This is why I hate, and that is not too strong a word, those bow-tied, broomstick-impaled character actors David Brooks and George Will. The live to serve at others' whim. It's not about logic but desire and shame; a shame they feel at their own corruption and that they think we should feel about our own. But since we refuse, we not they are the hypocrites. That was the point of David Brock's previous existence, though it's not polite to admit it. It's the theme song of the right wing sodomites brigade going way back to the beginning of the beginning. You think it started with T.S. Eliot?

And liberals just feel guilty about having servants, so they try to pretend they don't exist.

I've said this before: A conservative pays for the fuck and walks out the door. The liberal's the one who hands you the money while suggesting, with a look of concern on his face, that maybe you should find a better job.
In an unfair world, who gets the hookers' vote?
Reading around the usual range of technocratic liberal blogs since the election, I despair of coming upon much of value. No fucking sense whatsoever that there are contradictions that can not be overcome by strategy alone.

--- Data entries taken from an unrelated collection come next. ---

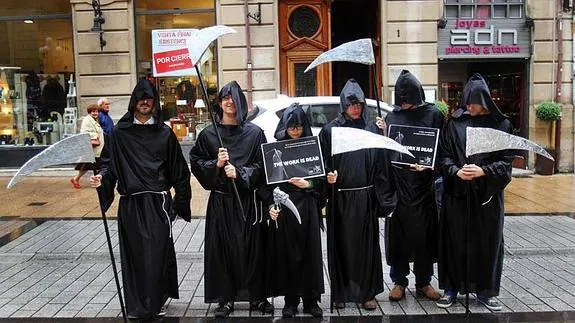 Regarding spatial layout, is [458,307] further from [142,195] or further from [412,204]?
[142,195]

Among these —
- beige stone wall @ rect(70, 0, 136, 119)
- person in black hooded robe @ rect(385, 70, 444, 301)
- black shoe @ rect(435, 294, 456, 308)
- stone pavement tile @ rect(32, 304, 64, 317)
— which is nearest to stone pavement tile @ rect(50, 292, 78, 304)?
stone pavement tile @ rect(32, 304, 64, 317)

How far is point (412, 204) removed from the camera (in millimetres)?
5570

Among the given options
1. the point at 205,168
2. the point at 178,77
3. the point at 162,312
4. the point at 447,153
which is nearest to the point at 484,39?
the point at 178,77

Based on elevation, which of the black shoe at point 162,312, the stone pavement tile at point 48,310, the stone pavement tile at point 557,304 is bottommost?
the stone pavement tile at point 557,304

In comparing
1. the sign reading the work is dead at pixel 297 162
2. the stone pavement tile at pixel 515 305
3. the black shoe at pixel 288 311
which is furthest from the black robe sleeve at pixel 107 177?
the stone pavement tile at pixel 515 305

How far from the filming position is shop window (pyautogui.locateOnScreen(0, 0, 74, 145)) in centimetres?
1501

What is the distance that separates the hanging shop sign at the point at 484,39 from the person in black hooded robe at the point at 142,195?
34.0ft

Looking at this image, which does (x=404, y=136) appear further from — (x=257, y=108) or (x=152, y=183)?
(x=257, y=108)

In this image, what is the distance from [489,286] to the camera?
18.0ft

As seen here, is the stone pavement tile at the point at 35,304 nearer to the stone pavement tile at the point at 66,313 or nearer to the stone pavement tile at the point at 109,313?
the stone pavement tile at the point at 66,313

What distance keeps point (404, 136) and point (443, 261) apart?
122 cm

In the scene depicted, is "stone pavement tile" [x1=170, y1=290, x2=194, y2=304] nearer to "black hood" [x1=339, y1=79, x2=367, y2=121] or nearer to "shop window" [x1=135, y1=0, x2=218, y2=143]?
"black hood" [x1=339, y1=79, x2=367, y2=121]

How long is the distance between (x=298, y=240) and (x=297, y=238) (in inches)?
0.8

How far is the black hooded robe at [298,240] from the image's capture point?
17.4 feet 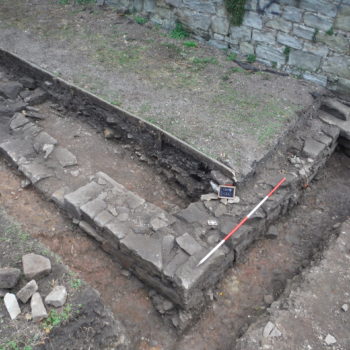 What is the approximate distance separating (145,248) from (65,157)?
2.24 metres

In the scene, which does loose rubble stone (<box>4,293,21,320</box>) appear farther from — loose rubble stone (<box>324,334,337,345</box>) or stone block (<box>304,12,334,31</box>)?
stone block (<box>304,12,334,31</box>)

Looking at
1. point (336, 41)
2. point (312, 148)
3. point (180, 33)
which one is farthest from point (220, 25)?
point (312, 148)

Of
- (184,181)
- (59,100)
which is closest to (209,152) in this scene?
(184,181)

The middle class represents its own interests. Rich coastal liberals make their money the same way rich republicans do; Manhattan isn't a den full of communist sympathizers, it's the home of people whose cleaning ladies live train-rides away in the outer boroughs, of well heeled servants of the truly powerful and their attendants. I'm as sick of earnest liberals as I am of Brad DeLong's bullshit literary tastes. Same delusion.

Nobody lives their ideas, they live their sensibility; and when there's a conflict, tell me which one wins?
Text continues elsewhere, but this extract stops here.